In fact the IMF study shows that marrying lastingly is a ticket upward into a higher income group for anyone. The facts are straightforward: marriage declined steadily in Canada after 1976, and then stabilized after 2000. Among the rich, the proportion of married declined over that quarter-century only slightly, from 95 to 86 percent; among the middle class the decline was sharpest, from 68 to 49 percent; the proportion of the poor who were married fell from 25 to 12 percent.
Marriage, then kids, equals prosperity
How does marriage promote wealth? Housing costs are halved; parenthood encourages thrift; stability enhances productivity (in married men, by 26 percent). The result: “Those who finish high school, work full time, and marry before having children are virtually guaranteed a place in the middle class. Only about two percent of this group ends up in poverty.” Also, the children of intact marriages are far likelier to graduate from college.
An American study published in January finds the same: “Where is the Land of Opportunity? The Geography of Intergenerational Mobility in the United States,” by Harvard economist Raj Chetty. Not only is single motherhood the biggest impediment to social mobility, growing up in a neighborhood with many single mothers is the second biggest. Poverty comes fifth; it is not the maim impediment to upward mobility.
Given the strength of the case, the IMF report is curiously muted. Perhaps it fears – understandably – that praising conventional marriage will be labelled discriminatory against single parenthood or gay marriage. Or could a focus on the problems of single motherhood strengthen the argument for abortion?
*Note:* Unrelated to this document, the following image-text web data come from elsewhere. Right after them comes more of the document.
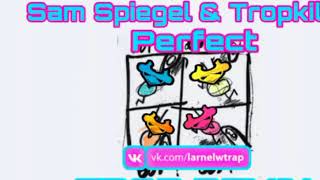 Sam Spiegel & Tropkillaz - Perfect (LARNEL W Trap Remix)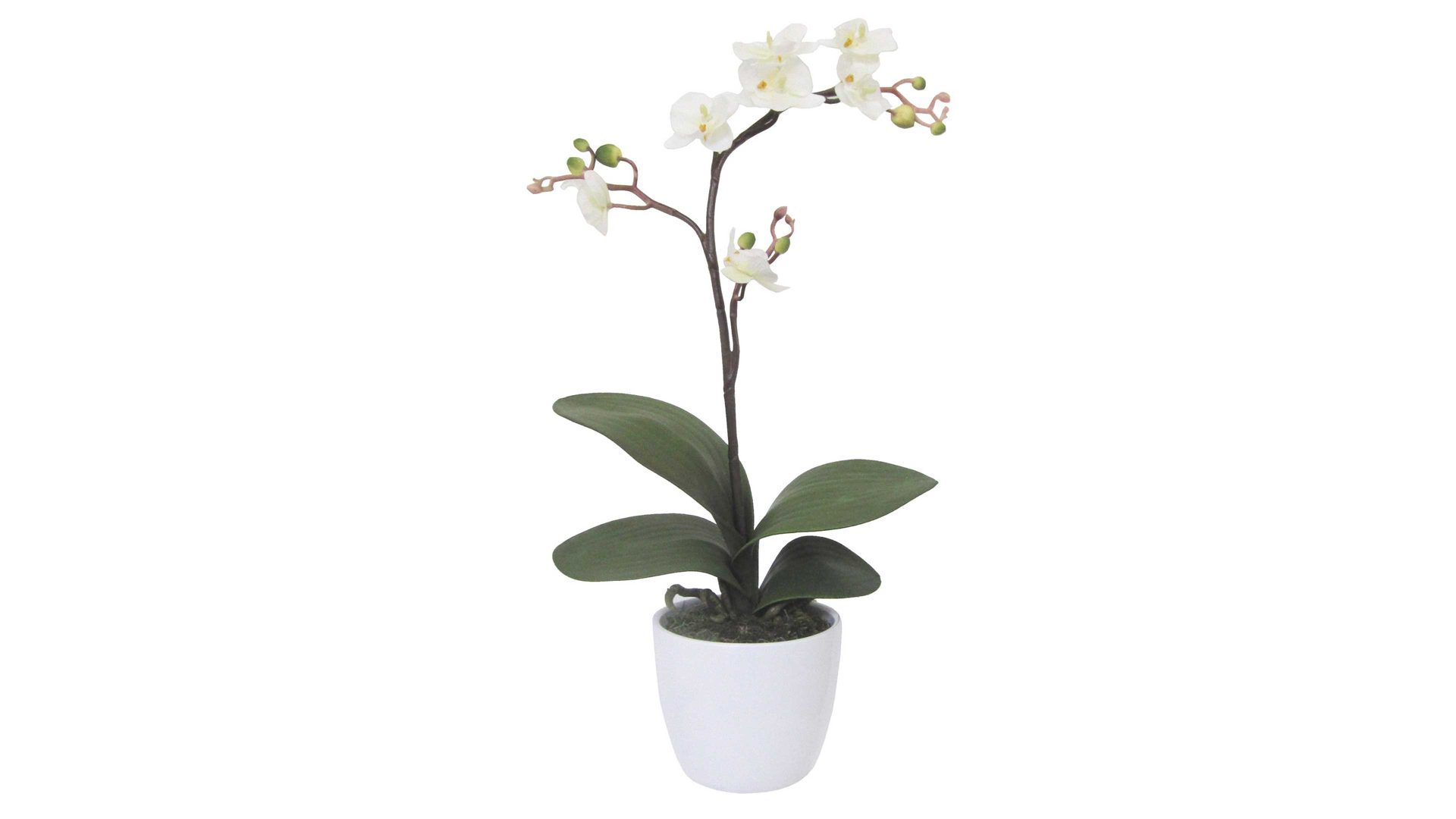 Blume Gasper aus Stoff in Weiß Orchidee Cassandra cremefarbene Textilblüten, Kunststoff & Keramik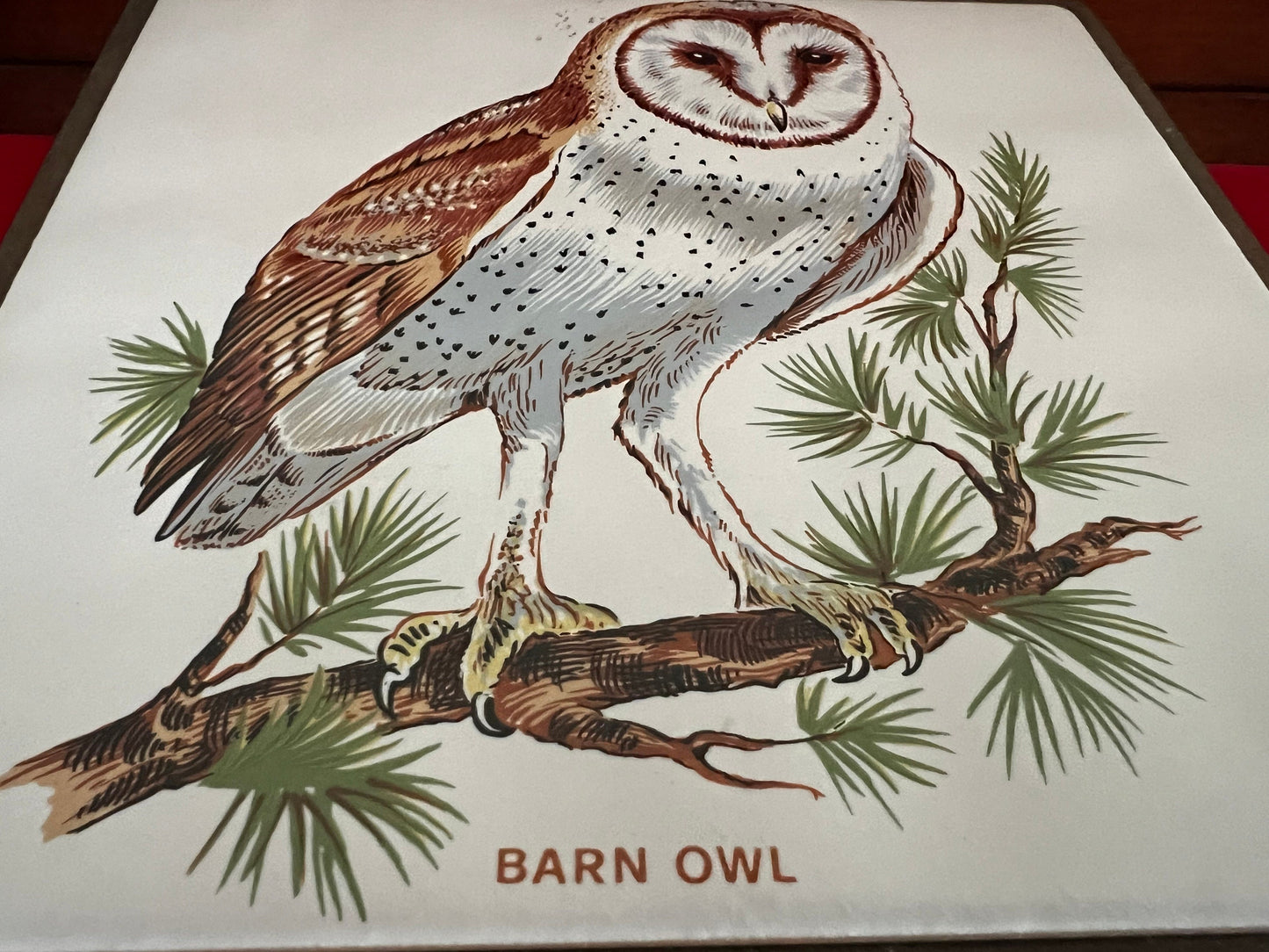 Vintage Barn Owl Tile on Wood Wall Hanging, Plaque Owl With Hook, Lover Antiques and Vintage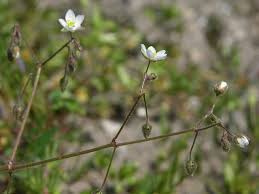 Image result for Spergula
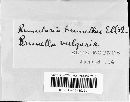 Ramularia brunellae image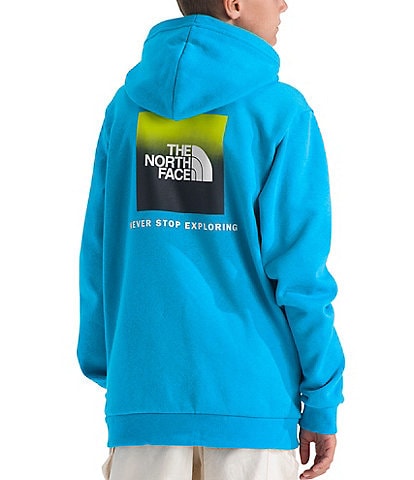 The North Face Big Kids Evolution Box NSE Pullover Hoodie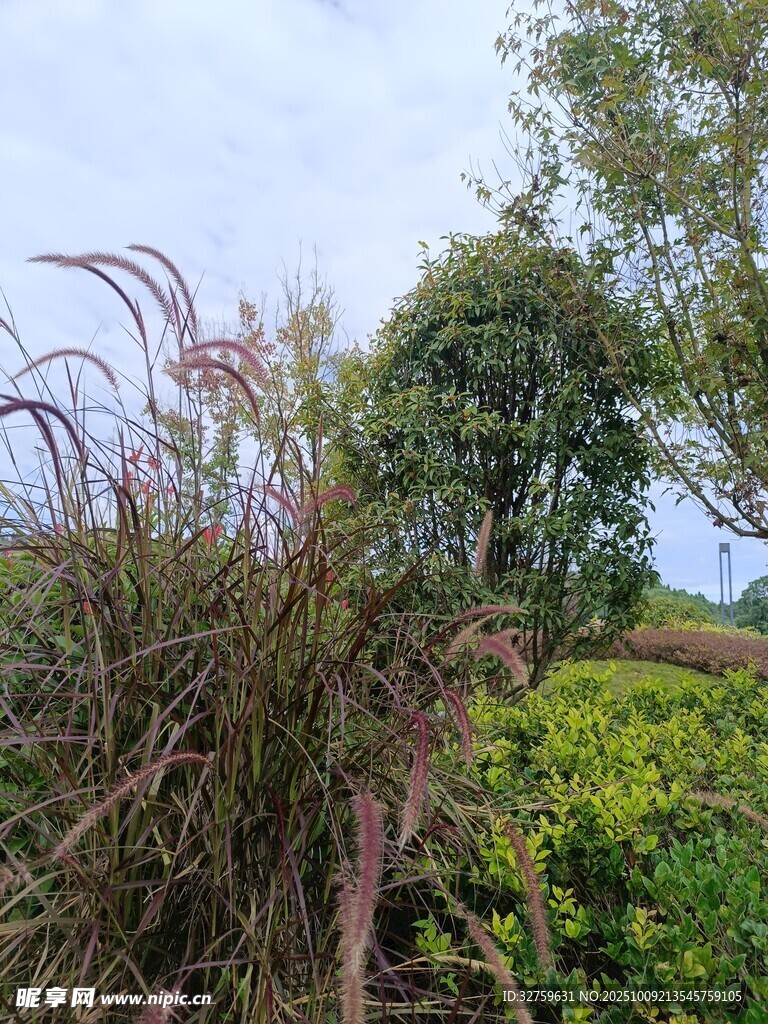 野外繁茂的綠植景觀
The IMF argues that while “Marriage is not a silver bullet for social problems…healthy marriages do promote economic and social goods – both privately and publicly.” It recommends government play “a modest role” in promoting marriage with educational campaigns, subsidizing (as Australia does) marriage counselling, and allowing tax splitting for couples (a promise made by Canada's Conservatives while winning the last election, which they are now reneging on).
Christians take note
But it is churches and their leaders, not politicians, who ought to be motivated by this report. Three-quarters of Canadians and 80 percent of Americans still get married in church; when clergy in a community combine to insist on marriage prep courses the resulting relationships last longer – as does their church membership. It’s a win-win.